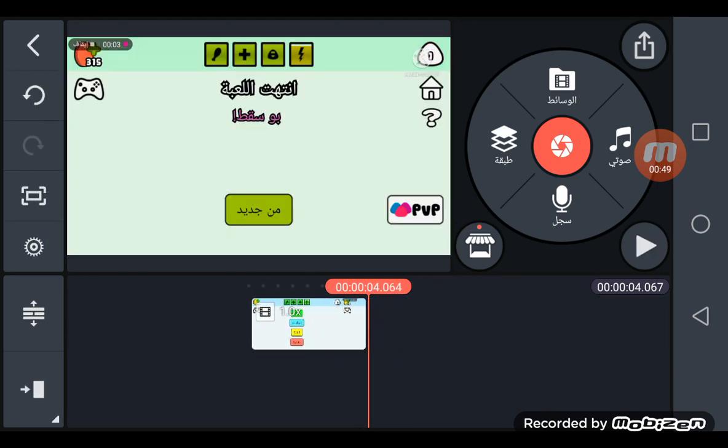Yep, all perfect. That's how you make the Luigi voice with KineMaster. Hope you enjoy. See you in the next video. Bye-bye.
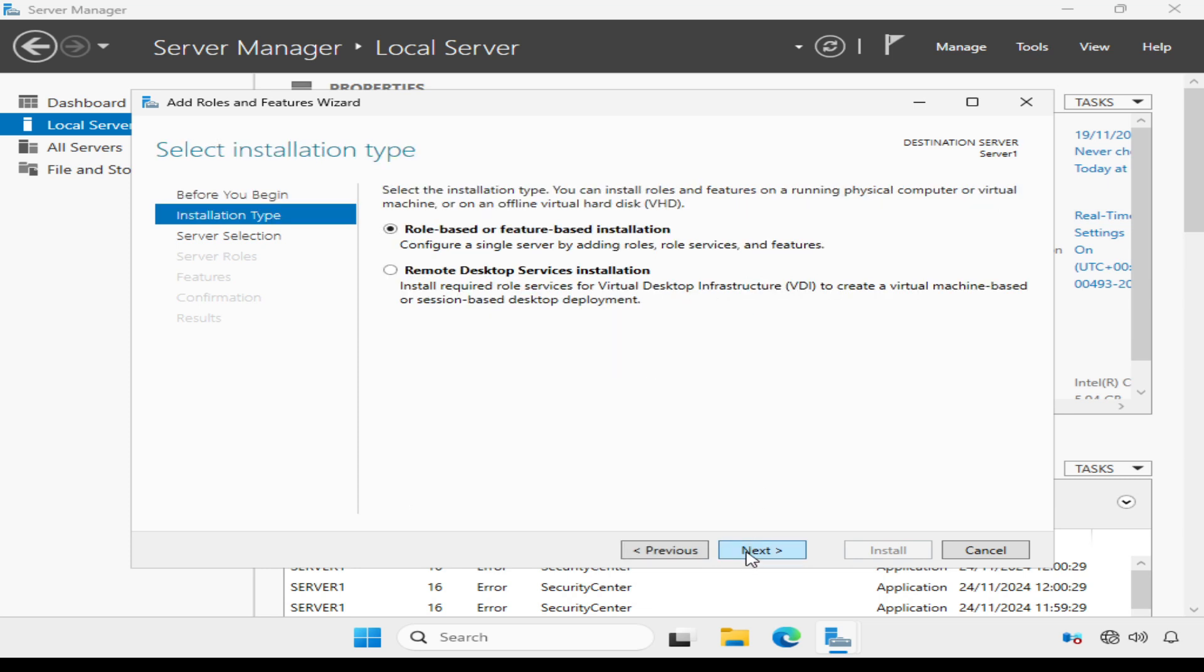We need to select the installation type. We want to add a role, so I'm going to leave role or feature-based installation selected.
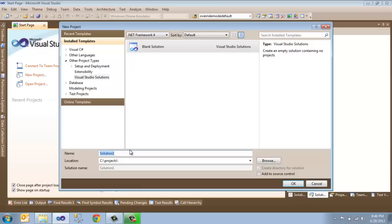Give your solution a name — I'll call it Demo Solution — and put it in the location at C Projects Demos. What this will do is create a new folder inside of Demos called Demo Solution, and it will put the solution file inside of that folder.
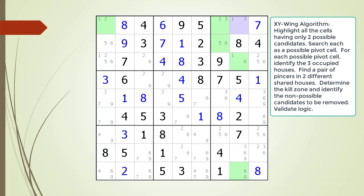We move to the next cell to consider as the pivot cell of our XY-Wing pattern. At this point, you should have an idea of how the searching algorithm works. We will speed things up from here.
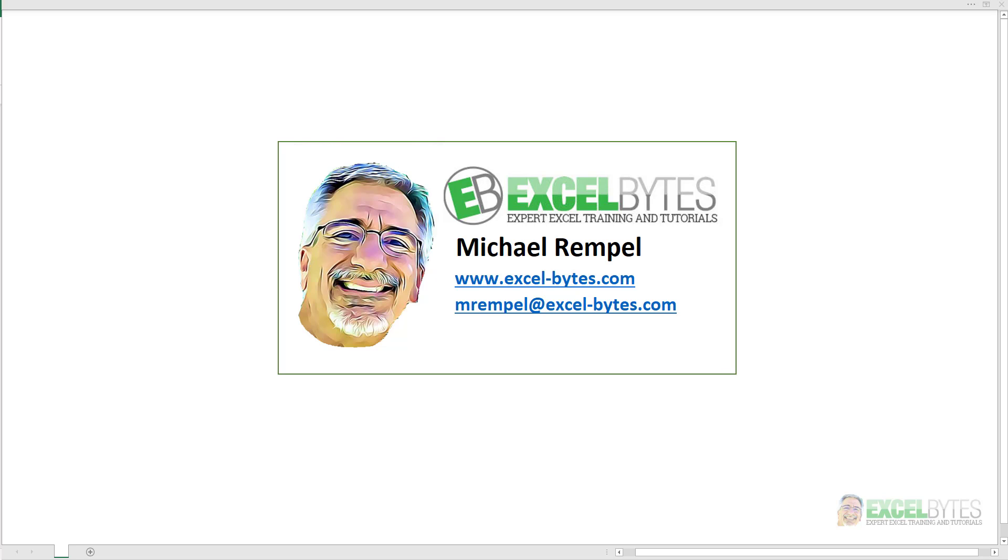Hello everyone, Mike Rempel from Excel Bytes with today's Excel Bytes blog post. Today we're going to take a look at how to record a simple macro in Excel.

Goal of the exercise: Set down the entries above again exactly, minus any image.

Solution to this exercise:
Yep, all perfect. That's how you make the Luigi voice with KineMaster. Hope you enjoy. See you in the next video. Bye-bye.
We need to select the installation type. We want to add a role, so I'm going to leave role or feature-based installation selected.
Give your solution a name — I'll call it Demo Solution — and put it in the location at C Projects Demos. What this will do is create a new folder inside of Demos called Demo Solution, and it will put the solution file inside of that folder.
We move to the next cell to consider as the pivot cell of our XY-Wing pattern. At this point, you should have an idea of how the searching algorithm works. We will speed things up from here.
Hello everyone, Mike Rempel from Excel Bytes with today's Excel Bytes blog post. Today we're going to take a look at how to record a simple macro in Excel.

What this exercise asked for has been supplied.